May 23rd, 2000
We're at a crossroads. On the one hand, every indication is that the EIR for the USDRIP project is totally indefensible because it failed to address the impact heavy or light industrial zoning would have on the Santee/El Monte water reservoir in general and on drinking water specifically.
Legally, the county will have to postpone the zoning decision, reopen the EIR, do the additional analysis, circulate the changes, and take public comment on the changes. After that, no doubt, the issue of zoning would head back to the planning commission, maybe all the way back to the Lakeside Planning Group, and then on to the Board of Supervisors. The process would take months. The outcome is, of course, uncertain. The experts could say that heavy industrial zoning, or industrial zoning of any type, is impermissible; the report could say only that certain mitigation measures are required.
We are currently trying to find an expert who could give us all some insight on this.
Sounds great, doesn't it? But then there are the threats, which go something like this: if we challenge the EIR the county will kill the whole project and the land would revert back to general zoning. The landowners, then, would have the right to petition the county using only the minor use permit process and could ask the county for any type of zoning or land use that they could prove the land was once used for. In other words, using a relatively simple process they could ask for M-54 zoning on the grounds at some point in the past the land was put to an M-54 use. Apparantly the decision would be made by county staff and there'd be limited or no public comment-- the same county staff which we "embarassed" by pointing out their EIR was deficient.
Is this just an idle threat or do we have a significant downside risk? That is exactly where we are weak: we don't know how valid this threat is. If it's real, we'd have a helluva battle on our hands, and we'd have to fight it parcel by parcel. If it's an idle threat, then we should go ahead and make damn certain our drinking water is protected.
Here's one other fact to consider: the envelope factory zoning was obtained via the minor use process identified above. The land was, apparantly, zoned C-36. The owner approached the county using the minor use process, stated their claim to M-52 or M-54 zoning on the grounds it was once used in that way, the county approved it and we awoke one morning to the sound of foundation trenchers.
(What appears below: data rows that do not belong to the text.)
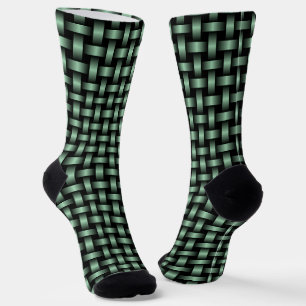 Grün schwarzes Webmuster Socken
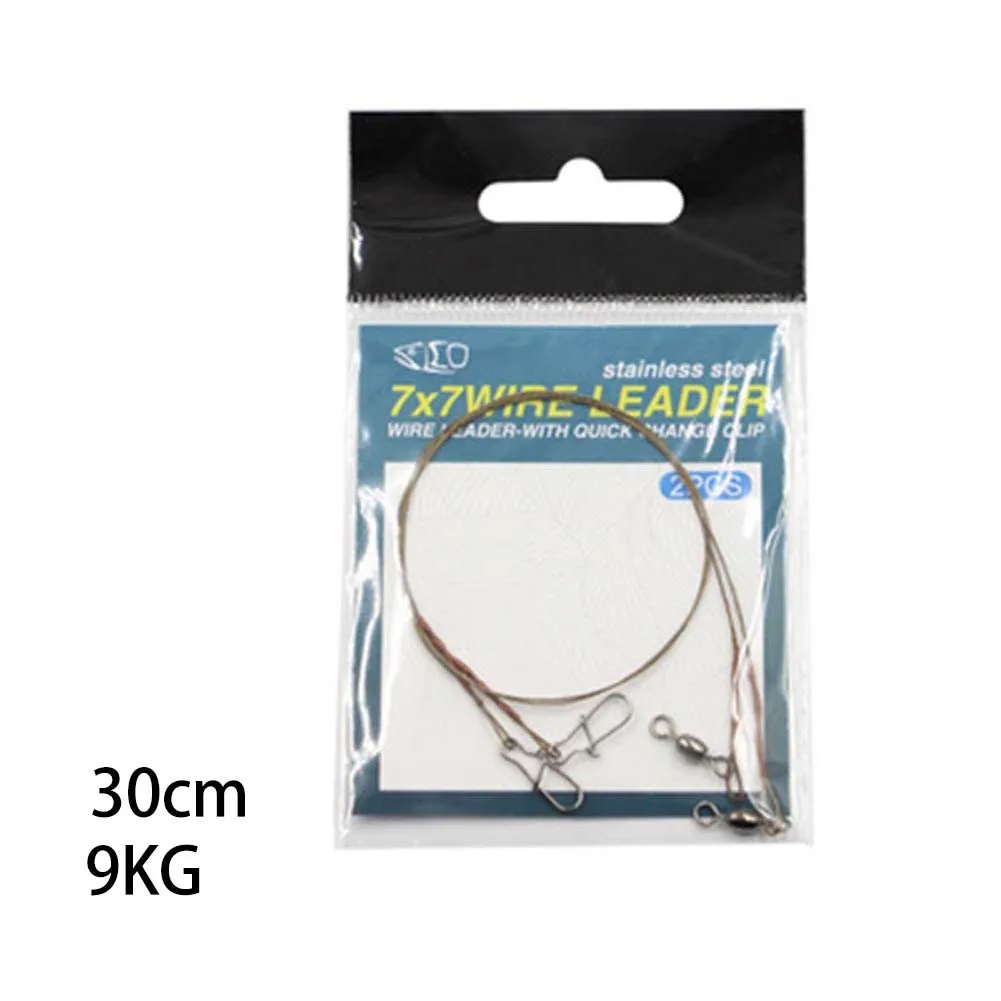 

2pcs/Pack Fishing Line Steel Wire Leader With Snap Swivels Wire Leadcore Leash Stainless Steel Titanium Thread Anti-bite Thread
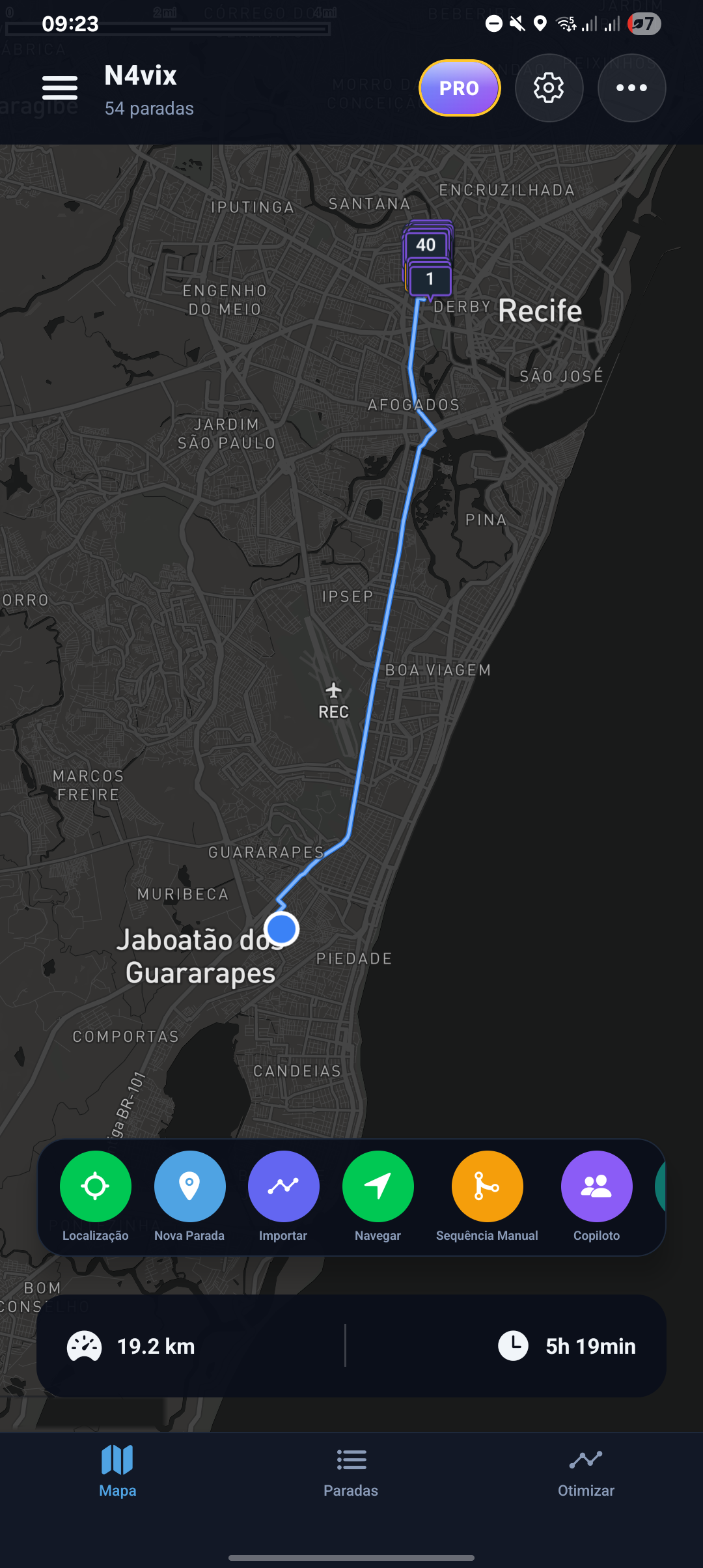 Confirmação para enviar e otimizar a rota no N4vix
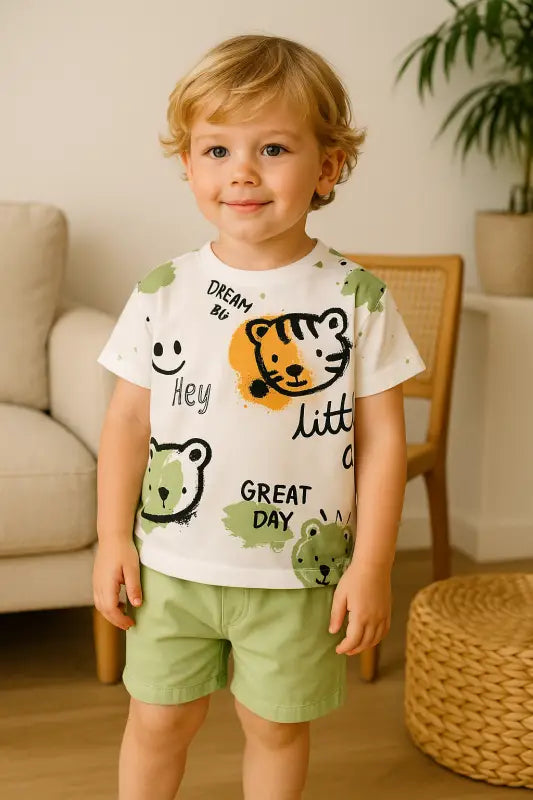 Erkek Çocuk Kedi Kafa Baskılı Kısa Kollu - Şortlu Yeşil Renk Takım - Erkek Çocuk Giyim/Erkek Çocuk Takım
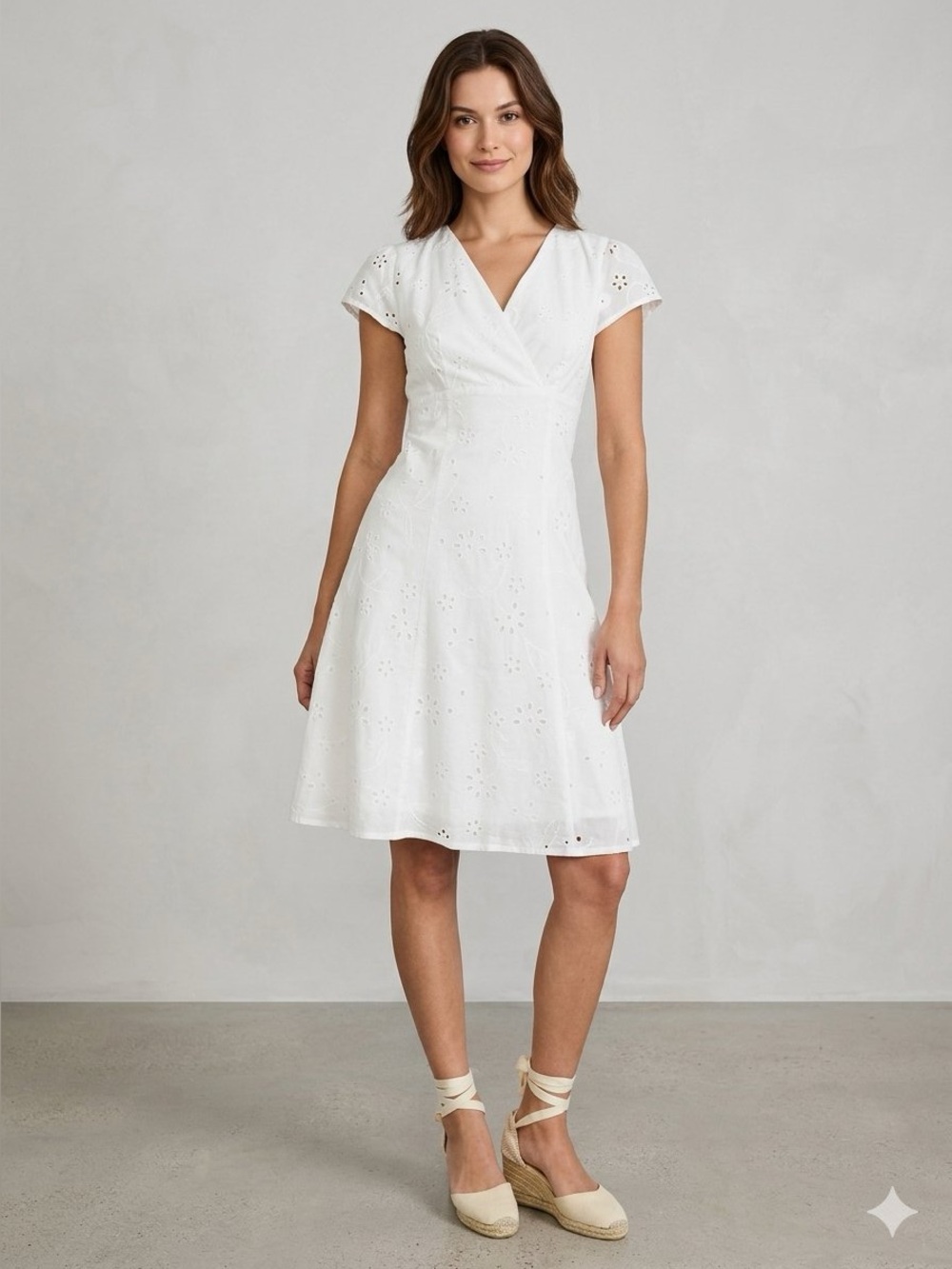NWT Maggy London Ivory Embroidered Eyelet V-Neck Cap Sleeve Dress Size 10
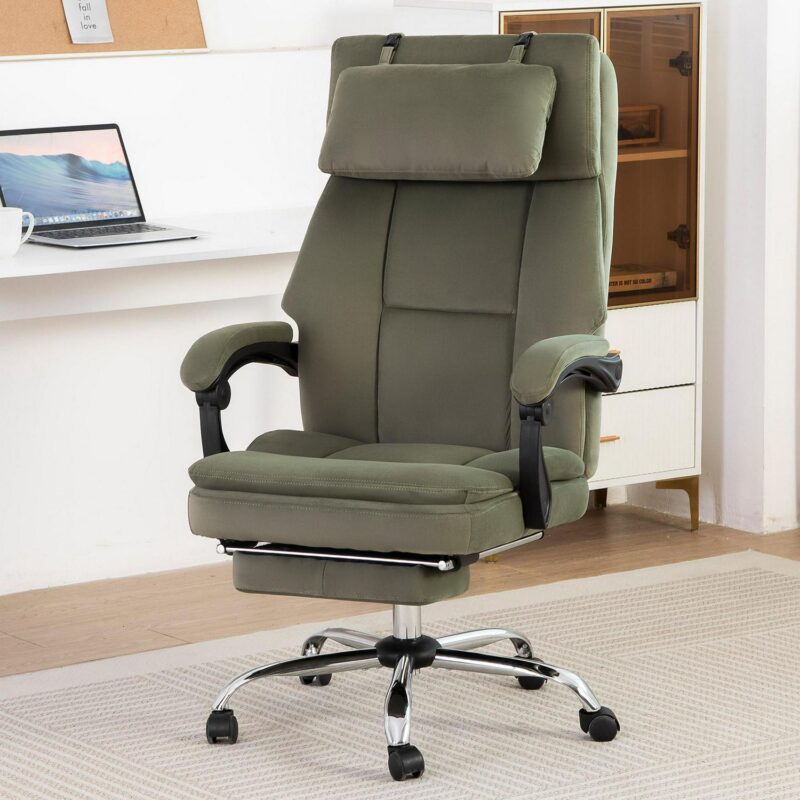 Sumyeg Big and Tall Executive Office Chair Green Contemporary Ergonomic Adjustable Height Swivel Upholstered Executive Chair - Image 2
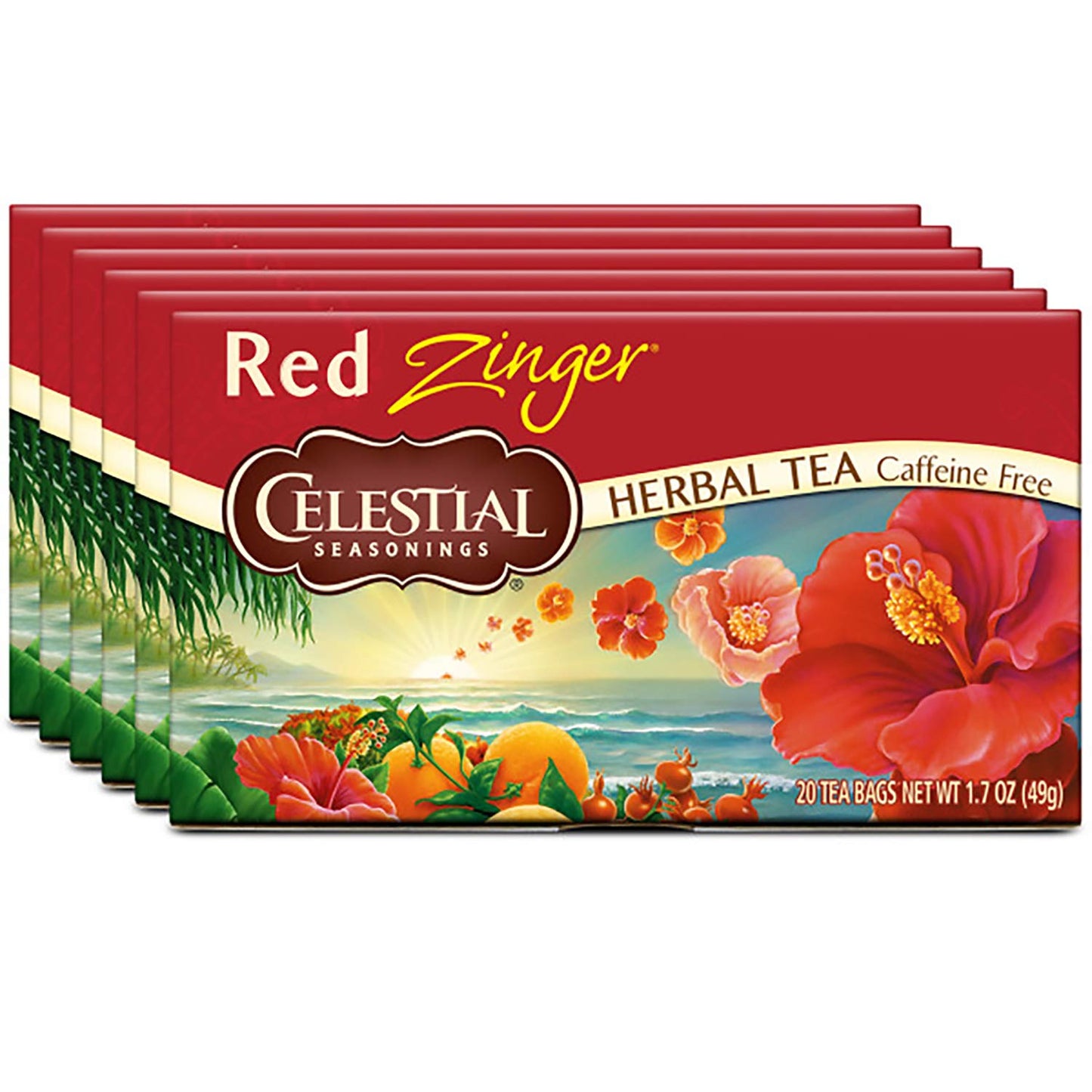 Celestial Seasonings Hibiscus Tea, Red Zinger Herbal Tea, Caffeine Free, 20 Tea Bags (Pack Of 6)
I have put in calls to Diane Jacob's office, Duncan Hunter's, Steve Baldwin's, Diane Feinstein's and Bill Horn asking for their help in obtaining help from all relevant state and federal water quality regulatory agencies to advise us on whether the county's process and mitigation recommendations meet or exceed all applicable state, federal and local water protection acts. I've received no help. In fact, I've received no response.
Without expert help, we will have a very difficult time indeed fully analyzing the depth and breadth of our downside risk. With this fully analyzed we could make a much better decision on whether to challenge the EIR. We must make a decision soon.